[Excerpted records Boundary: Start]

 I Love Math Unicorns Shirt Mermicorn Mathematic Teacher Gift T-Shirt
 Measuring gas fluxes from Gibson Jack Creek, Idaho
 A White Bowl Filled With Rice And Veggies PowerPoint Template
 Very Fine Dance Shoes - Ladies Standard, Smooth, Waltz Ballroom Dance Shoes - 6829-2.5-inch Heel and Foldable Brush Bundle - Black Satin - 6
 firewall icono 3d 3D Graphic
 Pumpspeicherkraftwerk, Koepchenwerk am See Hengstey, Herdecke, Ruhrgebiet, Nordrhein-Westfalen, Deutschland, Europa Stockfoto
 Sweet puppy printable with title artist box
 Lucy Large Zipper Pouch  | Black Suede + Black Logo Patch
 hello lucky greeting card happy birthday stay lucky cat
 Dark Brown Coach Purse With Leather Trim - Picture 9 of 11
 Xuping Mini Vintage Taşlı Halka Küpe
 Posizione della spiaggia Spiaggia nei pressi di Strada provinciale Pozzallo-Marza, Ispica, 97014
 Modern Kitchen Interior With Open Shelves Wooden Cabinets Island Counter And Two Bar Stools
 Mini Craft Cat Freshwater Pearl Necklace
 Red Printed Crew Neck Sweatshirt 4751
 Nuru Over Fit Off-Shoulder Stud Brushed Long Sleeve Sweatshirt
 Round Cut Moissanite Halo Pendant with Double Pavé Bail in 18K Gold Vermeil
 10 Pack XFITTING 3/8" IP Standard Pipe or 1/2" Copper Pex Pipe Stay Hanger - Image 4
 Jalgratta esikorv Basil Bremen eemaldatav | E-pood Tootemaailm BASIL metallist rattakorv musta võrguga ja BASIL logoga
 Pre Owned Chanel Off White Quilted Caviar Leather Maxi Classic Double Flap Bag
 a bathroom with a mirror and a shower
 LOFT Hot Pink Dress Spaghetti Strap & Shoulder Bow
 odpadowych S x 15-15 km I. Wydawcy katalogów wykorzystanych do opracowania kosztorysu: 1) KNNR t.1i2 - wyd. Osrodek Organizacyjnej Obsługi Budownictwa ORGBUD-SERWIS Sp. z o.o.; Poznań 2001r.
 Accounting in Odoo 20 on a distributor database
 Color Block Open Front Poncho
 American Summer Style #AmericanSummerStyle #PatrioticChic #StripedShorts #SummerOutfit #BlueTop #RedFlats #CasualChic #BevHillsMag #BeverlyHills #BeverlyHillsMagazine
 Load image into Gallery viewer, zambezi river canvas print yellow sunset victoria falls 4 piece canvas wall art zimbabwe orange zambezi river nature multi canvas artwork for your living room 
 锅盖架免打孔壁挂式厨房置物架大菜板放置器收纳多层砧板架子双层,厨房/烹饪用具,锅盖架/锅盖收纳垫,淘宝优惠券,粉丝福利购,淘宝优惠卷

[Excerpted records Boundary: End]

**What you need to do**
Using the records above, copy each line that contains "Standard".

**Answer section**
 Very Fine Dance Shoes - Ladies Standard, Smooth, Waltz Ballroom Dance Shoes - 6829-2.5-inch Heel and Foldable Brush Bundle - Black Satin - 6
 10 Pack XFITTING 3/8" IP Standard Pipe or 1/2" Copper Pex Pipe Stay Hanger - Image 4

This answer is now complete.